Objectives: We aimed to investigate trends in the prevalence of multidrug-resistant tuberculosis (MDR-TB) among Chinese people from first report to 2006, and to detect the high prevalence regions in order to guide control efforts.
Materials and methods: The CBM, VIP, CNKI, and MEDLINE databases were searched through both keywords and subject headings. The literature was screened, and two investigators assessed the quality and extracted the data. Trends in MDR-TB prevalence in three groups--primary, acquired, and combined MDR-TB--were examined separately, using the Cochran-Armitage trend test. Differences were tested with the Kruskal-Wallis test. High prevalence provinces were explored through comparison of the 95% confidence interval (95% CI) with the national average level.

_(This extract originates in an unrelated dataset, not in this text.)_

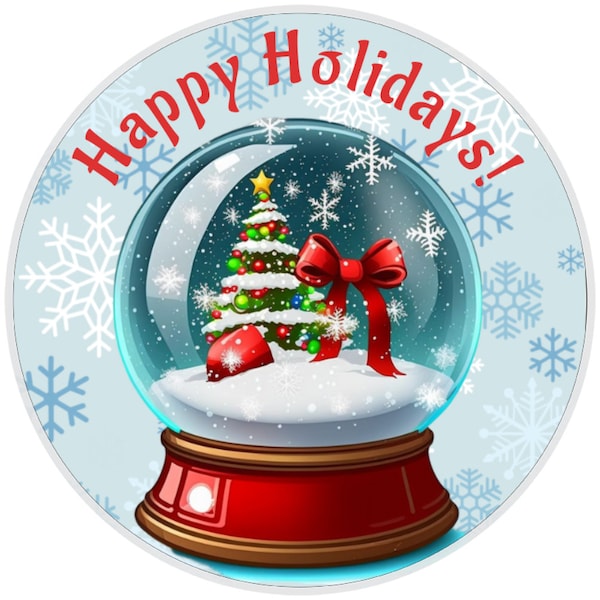 10”  Christmas Tree Snow Globe  Sign, Wreath Sign, Home Decor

Results: Overall 169 studies were included, with 165 in Chinese and four in English. One hundred and sixteen studies concerned primary MDR-TB, 103 acquired MDR-TB, and 130 combined MDR-TB, with total positive Mycobacterium tuberculosis (MTB) isolates of 110 076, 25 187, and 150 233, respectively. The prevalences of MDR-TB in the three groups in 2005 were 2.64-, 6.20-, and 3.84-times that of 1985, respectively, all showing an upward trend (p<0.05). The prevalences among the three groups were significantly different (p<0.05), with acquired drug resistance (27.5%, 95% CI 26.9-28.1%) much higher than primary drug resistance (4.3%, 95% CI 4.2-4.4%), and combined resistance (9.9%, 95% CI 9.8-10.1%) in between. The top three prevalence regions for primary, acquired, and combined MDR-TB were distributed in the zone from the northeast to the southwest of China, with Hebei, Tibet, and Shanxi having an extremely high prevalence.
Conclusions: The prevalence of MDR-TB among the Chinese people has shown an upward trend since 1985. It is necessary to continue to monitor this trend in China. Special attention should be paid to provinces distributed in the zone from the northeast to the southwest of China for MDR-TB surveillance, research, and control.